Genetic studies of several abnormal leaf shapes of the cultivated peanut (Arachis hypogaea L.) have been reported (Hammons, 1973; Wynne and Coffelt, 1982; Murthy and Reddy, 1993). Some of the more aberrant leaf shapes included Krinkle-leaf (Hammons, 1964), Cup, Flop, Ilex, Hedera, and Corduroy-leaves (Loesch and Hammons, 1968), Narrow-leaves (Gopani and Vaishnani, 1970), Flop-leaf (Branch and Hammons, 1981), and Curley-leaf (Branch, 1987).
In 1996, three plants with puckered leaves were found in the spanish-type cultivar ‘Tamspan 90’ (Smith et al., 1991). These plants appeared to exhibit typical leaf puckering symptoms of tobacco thrips (Frankiniella fusca Hinds) injury even following systemic insecticide application at planting. Puckered leaves have a partially wrinkled appearance with some chlorosis along leaf margins. The puckering seems more pronounced on the younger leaves as compared to the old leaves and becomes quite apparent within the first 3–4 weeks after emergence. Individual plants were selected for further testing as Tamspan 90-normal and Tamspan 90-puckered, respectively. Progeny rows from each selection have bred true-to-type for the past seven years.

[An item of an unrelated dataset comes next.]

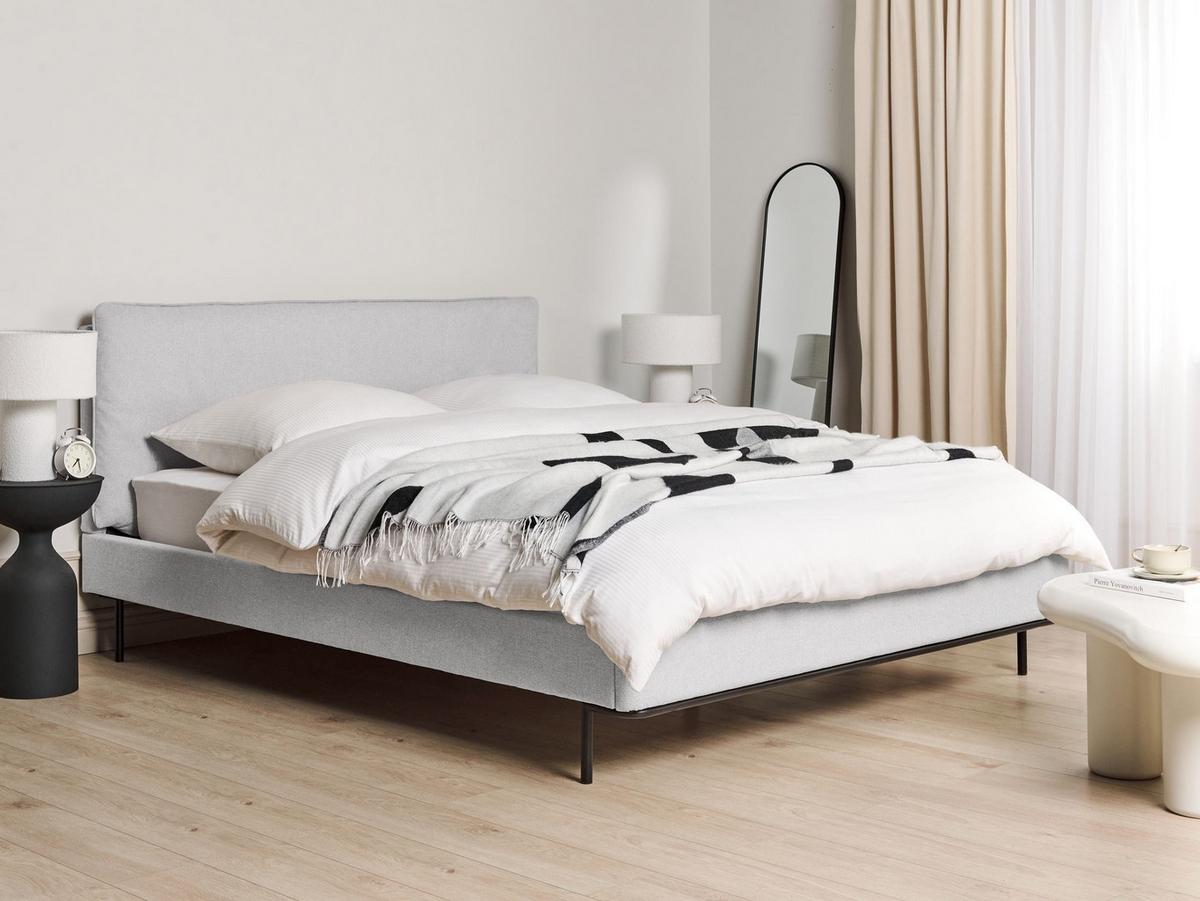 BETT mit Lattenrost 160/200 cm Stoff Hellgrau Corio - Hellgrau, Textil (160/200cm) - Beliani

Subsequent thrips counts from Tamspan 90-puckered and Tamspan 90-normal actually revealed more thrips larvae (53 vs 23) in the leaf terminals of the Tamspan 90-normal as compared to Tamspan 90-puckered (JW Todd, unpublished data). Additional tests conducted to evaluate a possible preplant herbicide × systemic insecticide interaction at varying rates of each pesticide likewise showed no significant effect between either selection (WC Johnson III, unpublished data). The distinct plant type of Tamspan 90-puckered appeared to be under genetic control. The objective of this study was thus to determine the inheritance of the puckered-leaf shape found in Tamspan 90.
Materials and Methods
Reciprocal crosses were made in the greenhouse between the puckered-leaf Tamspan 90 selection and the normal leaf Tamspan 90 selection. Both of these selections would be classified as A. hypogaea subsp. fastigiata var. vulgaris. Reciprocal crosses were also made between the puckered-leaf Tamspan 90 selection and the normal leaf ‘Georgia Browne’ cultivar that belongs to A. hypogaea subsp. hypogaea var. hypogaea (Branch, 1994). Such crossings between and within subspecies should provide for a wider range of genetic diversity and recombination.
Another puckered-leaf mutant genetic stock ICGL 6 (PI 561916) from ICRISAT was obtained and grown in the greenhouse. Plants of both Tamspan 90-puckered and PI 561916 had very similar phenotypes. Cross combinations for allelism tests were made between the puckered-leaf Tamspan 90 selection and the puckered-leaf mutant genetic stock ICGL 6 (PI 561916).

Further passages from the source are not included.